We spent three nights at McGrath, shuttling back and forth from Nikolai to Ophir to hook up with as many teams as possible while still having enough time on the ground to talk and write. From there, we dropped in on the ghost town of Iditarod to get a look at the front runners, then flew up the trail and spent the night at a rented log cabin in Grayling, where I was able to shuttle back to Anvik and see the front 30 teams move on to the Yukon River. Then we flew over the Nulato Hills and landed in sunny Unalakleet to capture the excitement as the front four arrived virtually at once. Wirschem dropped me off at White Mountain, where I was hosted by the warm volunteers there, allowing me to witness the arrival of Mackey and Gebhardt, then Buser and Steer.

From there, it was a quick flight over to Nome, where I prepared for the climax of the race: the euphoria of Mackey’s finish and a long night welcoming the front five teams under the burled arch. Once in Nome, I was stationed at the finish, catching mushers as they streamed in, catching up on missed stories and events from the past several days.

* Zorro is fine. Dozens of people e-mailed me after the race asking about the status of Zorro, one Lance Mackey’s key dogs and a seminal player in his racing team. Zorro had canine pneumonia at White Mountain, and got some TLC inside the checkpoint while Mackey made the final 77-mile push to Nome. I mentioned Zorro was fine in an earlier article but must not have gotten the point across. Zorro bounced back quickly. He was fat, happy and cocky at Nome.

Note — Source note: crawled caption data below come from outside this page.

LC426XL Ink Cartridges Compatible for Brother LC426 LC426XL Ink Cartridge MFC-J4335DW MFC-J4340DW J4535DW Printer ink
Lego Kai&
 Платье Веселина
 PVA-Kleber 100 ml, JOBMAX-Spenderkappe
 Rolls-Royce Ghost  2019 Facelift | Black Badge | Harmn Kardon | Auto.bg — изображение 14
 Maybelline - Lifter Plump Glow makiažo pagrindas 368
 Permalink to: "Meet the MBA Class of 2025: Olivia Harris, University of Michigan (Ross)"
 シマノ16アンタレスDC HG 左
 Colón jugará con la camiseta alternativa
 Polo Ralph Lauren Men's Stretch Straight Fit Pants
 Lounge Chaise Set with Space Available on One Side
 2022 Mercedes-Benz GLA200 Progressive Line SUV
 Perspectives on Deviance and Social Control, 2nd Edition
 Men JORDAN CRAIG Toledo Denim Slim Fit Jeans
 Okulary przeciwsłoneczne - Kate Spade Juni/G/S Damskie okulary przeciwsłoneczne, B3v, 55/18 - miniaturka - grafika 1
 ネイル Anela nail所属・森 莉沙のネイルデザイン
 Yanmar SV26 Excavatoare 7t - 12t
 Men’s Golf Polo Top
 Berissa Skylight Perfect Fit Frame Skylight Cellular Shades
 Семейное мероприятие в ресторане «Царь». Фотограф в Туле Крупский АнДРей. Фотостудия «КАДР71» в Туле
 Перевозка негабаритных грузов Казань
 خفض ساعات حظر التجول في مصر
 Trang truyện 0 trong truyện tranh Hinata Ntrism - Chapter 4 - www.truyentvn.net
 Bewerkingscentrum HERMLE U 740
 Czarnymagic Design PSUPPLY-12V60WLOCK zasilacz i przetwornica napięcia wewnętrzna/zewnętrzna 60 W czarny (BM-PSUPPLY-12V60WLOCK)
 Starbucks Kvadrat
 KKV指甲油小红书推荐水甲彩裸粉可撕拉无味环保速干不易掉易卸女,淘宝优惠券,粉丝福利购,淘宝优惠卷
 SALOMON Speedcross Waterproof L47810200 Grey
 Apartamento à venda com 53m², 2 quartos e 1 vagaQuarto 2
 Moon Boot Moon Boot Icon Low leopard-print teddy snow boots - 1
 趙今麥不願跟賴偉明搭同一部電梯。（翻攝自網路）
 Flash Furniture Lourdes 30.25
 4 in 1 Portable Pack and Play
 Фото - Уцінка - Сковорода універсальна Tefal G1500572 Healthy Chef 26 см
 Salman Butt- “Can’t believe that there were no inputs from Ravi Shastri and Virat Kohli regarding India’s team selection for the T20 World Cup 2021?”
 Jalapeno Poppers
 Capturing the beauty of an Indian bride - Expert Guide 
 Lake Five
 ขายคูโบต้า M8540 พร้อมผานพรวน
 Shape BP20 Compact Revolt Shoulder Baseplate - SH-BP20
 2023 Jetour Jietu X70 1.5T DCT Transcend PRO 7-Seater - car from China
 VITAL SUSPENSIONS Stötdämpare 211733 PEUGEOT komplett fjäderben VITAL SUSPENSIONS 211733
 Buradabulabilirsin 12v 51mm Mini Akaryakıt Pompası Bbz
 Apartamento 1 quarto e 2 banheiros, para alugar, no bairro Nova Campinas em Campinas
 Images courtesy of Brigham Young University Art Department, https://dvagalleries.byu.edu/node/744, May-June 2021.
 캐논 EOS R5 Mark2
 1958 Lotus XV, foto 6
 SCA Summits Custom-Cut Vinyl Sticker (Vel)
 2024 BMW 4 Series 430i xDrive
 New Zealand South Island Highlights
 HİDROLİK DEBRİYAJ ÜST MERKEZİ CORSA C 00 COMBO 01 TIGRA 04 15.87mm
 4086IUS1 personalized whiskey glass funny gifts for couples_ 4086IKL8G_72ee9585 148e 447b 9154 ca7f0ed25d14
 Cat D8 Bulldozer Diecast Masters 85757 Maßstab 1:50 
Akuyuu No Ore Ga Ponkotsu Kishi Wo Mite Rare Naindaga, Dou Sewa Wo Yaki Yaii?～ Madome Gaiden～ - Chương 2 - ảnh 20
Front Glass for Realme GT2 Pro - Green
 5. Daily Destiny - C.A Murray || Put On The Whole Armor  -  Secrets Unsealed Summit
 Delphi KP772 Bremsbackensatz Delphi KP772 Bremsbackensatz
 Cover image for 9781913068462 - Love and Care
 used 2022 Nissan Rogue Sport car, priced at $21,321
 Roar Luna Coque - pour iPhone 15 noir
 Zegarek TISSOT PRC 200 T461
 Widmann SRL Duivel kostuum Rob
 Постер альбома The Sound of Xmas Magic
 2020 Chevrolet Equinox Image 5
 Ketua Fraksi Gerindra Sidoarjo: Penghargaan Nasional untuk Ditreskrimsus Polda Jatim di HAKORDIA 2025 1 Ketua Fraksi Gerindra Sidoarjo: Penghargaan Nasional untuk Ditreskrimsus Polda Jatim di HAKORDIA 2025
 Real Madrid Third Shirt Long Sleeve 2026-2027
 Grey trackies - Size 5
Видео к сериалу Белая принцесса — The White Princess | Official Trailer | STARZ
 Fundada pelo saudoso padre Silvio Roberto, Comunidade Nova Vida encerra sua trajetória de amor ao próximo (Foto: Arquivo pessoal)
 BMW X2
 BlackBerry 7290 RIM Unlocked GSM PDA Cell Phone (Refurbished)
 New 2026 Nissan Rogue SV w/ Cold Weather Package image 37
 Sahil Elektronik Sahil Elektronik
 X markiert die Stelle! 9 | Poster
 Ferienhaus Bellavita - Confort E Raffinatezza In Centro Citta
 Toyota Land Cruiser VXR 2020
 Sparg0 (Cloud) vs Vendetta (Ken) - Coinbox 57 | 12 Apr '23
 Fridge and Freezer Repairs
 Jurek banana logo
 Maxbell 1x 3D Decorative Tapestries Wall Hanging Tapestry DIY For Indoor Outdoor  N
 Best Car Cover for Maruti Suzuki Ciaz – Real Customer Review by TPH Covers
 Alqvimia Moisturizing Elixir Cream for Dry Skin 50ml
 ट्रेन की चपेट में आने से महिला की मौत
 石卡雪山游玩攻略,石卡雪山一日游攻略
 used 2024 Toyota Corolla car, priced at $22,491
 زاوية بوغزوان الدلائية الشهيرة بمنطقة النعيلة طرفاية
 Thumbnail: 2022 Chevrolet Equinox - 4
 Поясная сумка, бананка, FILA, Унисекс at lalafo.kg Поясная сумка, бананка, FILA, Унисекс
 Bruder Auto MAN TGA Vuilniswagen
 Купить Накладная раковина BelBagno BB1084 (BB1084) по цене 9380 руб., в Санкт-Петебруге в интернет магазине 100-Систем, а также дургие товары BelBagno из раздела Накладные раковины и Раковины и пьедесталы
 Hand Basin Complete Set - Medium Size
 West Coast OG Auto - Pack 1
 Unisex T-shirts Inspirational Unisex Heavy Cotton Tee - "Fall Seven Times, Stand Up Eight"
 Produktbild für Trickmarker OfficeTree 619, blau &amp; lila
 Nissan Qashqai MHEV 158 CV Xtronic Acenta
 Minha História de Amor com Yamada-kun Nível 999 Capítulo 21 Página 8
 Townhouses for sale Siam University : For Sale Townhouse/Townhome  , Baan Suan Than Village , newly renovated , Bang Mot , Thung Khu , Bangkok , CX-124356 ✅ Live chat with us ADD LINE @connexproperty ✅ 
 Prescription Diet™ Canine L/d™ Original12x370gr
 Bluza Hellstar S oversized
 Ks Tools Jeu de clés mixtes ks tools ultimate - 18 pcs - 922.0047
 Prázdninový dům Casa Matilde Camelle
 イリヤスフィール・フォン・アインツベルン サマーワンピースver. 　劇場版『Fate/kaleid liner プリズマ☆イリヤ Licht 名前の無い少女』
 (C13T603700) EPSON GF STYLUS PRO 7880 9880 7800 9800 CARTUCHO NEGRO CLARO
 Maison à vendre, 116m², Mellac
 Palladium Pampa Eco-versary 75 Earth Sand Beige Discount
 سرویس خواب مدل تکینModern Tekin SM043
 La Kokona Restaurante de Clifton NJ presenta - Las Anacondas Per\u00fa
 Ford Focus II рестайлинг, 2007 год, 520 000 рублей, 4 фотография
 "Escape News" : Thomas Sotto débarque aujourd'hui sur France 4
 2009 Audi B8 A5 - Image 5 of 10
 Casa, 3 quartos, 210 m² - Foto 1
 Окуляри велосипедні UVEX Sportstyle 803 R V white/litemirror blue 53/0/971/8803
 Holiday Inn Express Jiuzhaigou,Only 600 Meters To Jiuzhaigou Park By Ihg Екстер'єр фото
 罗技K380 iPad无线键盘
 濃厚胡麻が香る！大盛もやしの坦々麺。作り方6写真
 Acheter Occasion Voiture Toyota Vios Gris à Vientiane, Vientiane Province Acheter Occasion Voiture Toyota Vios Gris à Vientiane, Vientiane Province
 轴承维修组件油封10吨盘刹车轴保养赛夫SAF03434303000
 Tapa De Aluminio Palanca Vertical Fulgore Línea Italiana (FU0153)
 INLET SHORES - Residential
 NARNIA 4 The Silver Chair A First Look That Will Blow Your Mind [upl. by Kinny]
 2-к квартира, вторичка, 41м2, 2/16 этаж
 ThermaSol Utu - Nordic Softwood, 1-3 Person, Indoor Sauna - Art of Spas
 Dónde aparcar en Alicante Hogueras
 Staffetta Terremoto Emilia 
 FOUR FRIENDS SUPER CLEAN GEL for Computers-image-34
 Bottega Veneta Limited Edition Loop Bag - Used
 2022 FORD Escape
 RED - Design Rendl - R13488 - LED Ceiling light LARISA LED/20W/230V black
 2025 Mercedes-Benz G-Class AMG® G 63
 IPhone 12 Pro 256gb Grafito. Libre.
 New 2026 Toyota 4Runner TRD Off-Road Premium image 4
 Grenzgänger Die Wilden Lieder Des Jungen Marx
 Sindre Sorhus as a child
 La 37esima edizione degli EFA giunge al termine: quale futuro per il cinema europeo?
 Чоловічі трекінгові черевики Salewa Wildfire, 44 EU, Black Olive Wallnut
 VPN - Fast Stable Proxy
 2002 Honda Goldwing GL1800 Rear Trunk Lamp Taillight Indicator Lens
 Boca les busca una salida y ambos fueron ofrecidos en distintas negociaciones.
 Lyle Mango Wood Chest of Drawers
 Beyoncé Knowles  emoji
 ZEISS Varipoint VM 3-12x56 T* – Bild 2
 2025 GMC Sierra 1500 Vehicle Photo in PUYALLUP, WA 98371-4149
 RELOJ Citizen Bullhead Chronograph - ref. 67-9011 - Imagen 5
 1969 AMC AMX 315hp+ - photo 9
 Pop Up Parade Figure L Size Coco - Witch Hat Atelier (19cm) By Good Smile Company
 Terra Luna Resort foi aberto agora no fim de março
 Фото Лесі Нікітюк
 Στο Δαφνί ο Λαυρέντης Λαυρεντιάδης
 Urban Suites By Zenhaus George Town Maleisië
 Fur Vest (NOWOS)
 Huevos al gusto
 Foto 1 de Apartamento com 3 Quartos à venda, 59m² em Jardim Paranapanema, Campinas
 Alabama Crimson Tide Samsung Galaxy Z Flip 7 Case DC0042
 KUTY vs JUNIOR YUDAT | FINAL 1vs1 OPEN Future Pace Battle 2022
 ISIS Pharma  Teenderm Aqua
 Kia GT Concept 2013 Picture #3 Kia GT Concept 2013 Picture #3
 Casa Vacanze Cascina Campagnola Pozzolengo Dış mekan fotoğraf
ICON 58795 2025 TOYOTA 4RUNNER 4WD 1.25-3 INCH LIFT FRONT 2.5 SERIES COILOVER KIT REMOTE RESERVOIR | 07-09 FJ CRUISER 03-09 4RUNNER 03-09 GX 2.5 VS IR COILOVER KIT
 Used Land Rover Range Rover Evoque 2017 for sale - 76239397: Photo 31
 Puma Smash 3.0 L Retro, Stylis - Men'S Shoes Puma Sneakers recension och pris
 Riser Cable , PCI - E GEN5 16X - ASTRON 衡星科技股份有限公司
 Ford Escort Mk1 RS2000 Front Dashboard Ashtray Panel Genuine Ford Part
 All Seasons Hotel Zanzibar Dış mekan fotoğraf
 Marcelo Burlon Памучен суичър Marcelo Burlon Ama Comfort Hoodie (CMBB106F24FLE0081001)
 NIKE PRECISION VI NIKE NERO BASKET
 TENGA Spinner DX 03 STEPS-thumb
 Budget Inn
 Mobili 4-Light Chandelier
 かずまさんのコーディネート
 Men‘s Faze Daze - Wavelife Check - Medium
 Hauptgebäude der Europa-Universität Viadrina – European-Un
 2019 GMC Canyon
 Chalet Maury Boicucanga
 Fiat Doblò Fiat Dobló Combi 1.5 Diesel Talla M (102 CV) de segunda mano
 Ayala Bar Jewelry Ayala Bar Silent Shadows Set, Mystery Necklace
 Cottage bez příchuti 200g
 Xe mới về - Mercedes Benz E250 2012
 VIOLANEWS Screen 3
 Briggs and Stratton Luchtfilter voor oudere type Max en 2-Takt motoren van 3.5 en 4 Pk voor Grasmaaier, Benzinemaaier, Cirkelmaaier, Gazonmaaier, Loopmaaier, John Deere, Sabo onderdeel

* Seven out of ten. One observant reader congratulated me on successfully picking seven of the top ten finishers this year. Well, I did, but I mixed up the order. Some of my top 5 picks were 6th through 10th and vice versa. For instance, I should have listened to Gebhardt, who said repeatedly that this was one of the finest teams he’s had the privilege to coach. He knows what he’s talking about and he doesn’t mince words.

My top five picks were Sorlie, King, Buser, Swingley and Baker. My next five were Seavey, Gebhardt, DeeDee Jonrowe, Mackey and Iten. You never know who’s going to flame out with injuries and who’s going to shoot up in the standings, like Steer. So seven out of 10 isn’t bad.

I also wrote, “If a front-running team reaches, say, Nikolai by mid-morning Tuesday with at least 15 dogs running strong, keep an eye on that musher. That individual is a good candidate to win.” Sounds like Mackey.

* Ode to Iditarod. Finally, as a way of signing off for the season, I want to quote an e-mail from a race ran who was plainly swept away by the events that unfolded in early March. The person, an avid football fan, wrote, “Yes, the snow may blow in New England, and you can sometimes freeze watching Brett Favre. Peyton can be the hard-driven student of the game, studying every play between plays.”

“But let’s get real. When you talk about really putting your heart and soul into a sport, when you live and breathe and believe in the players on your team, when it is you alone with your dogs, at 30 below or more, and you must trust what your teammates can do, there is no other sport that can come close to this race.”